Quite frankly, I’ve been surprised by the level of attention! Some responses have been calls for economists to check the package out (they are certainly welcome to do so) as well as things along the lines of there finally being a package for panel data in R. So let me make something clear: There’s at least one comparable package for R, called plm, which is very good and should be particularly appealing for economists. This leads to the understandable question as to how panelr differs from plm.

Super cool! Does your package offer some advantages/differences from plm that I should think about?
— Nicholas Potter (@econpotter) May 21, 2019

The plm package has been around since 2006 and is quite good.
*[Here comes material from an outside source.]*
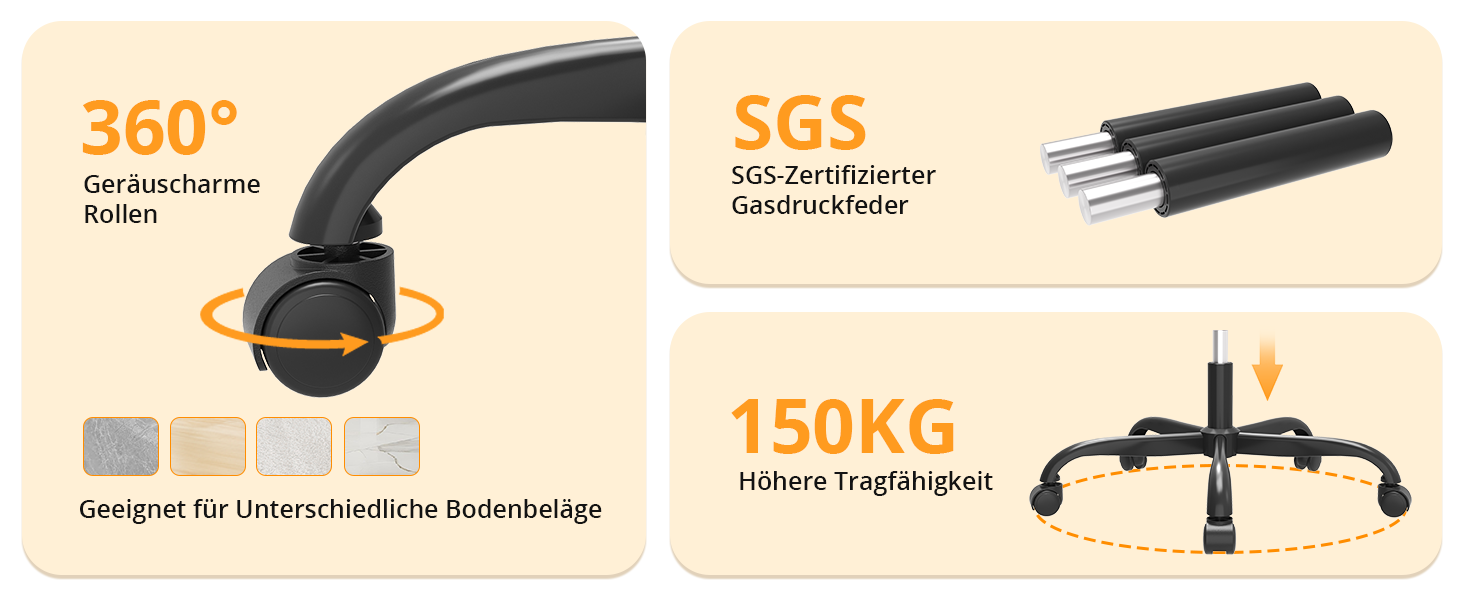 Офісний стілець Synorla ергономічний з підтримкою спини, до 150 кг, поворотний, чорний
I didn’t make panelr out of any kind of deep dissatisfaction with plm nor the idea that it needed to be superseded.

Yves Croissant and Giovanni Millo discuss in plm’s main vignette the fact that there is a great deal of overlap between econometric treatment of panel data and other statistical approaches to panel data, like multilevel modeling. They note, among, other things,

while a very comprehensive software framework for (among many other features) maximum likelihood estimation of linear regression models for longitudinal data, packages nlme (Pinheiro et al. 2007) and lme4 (Bates 2007), is available in the R environment and can be used, e.g., for estimation of random effects panel models, its use is not intuitive for a practicing econometrician, and maximum likelihood estimation is only one of the possible approaches to panel data econometrics.

and

Furthermore, we felt there was a need for automation of some basic data management tasks such as lagging, summing and, more in general, applying (in the R sense) functions to the data, which, although conceptually simple, become cumbersome and error-prone on two-dimensional data, especially in the case of unbalanced panels.

I totally agree with these things. I, however, am not an econometrician, so I came to this area with the opposite problem as Croissant and Millo. I like and respect plm a great deal, but

a package doing panel data “from the econometrician’s viewpoint”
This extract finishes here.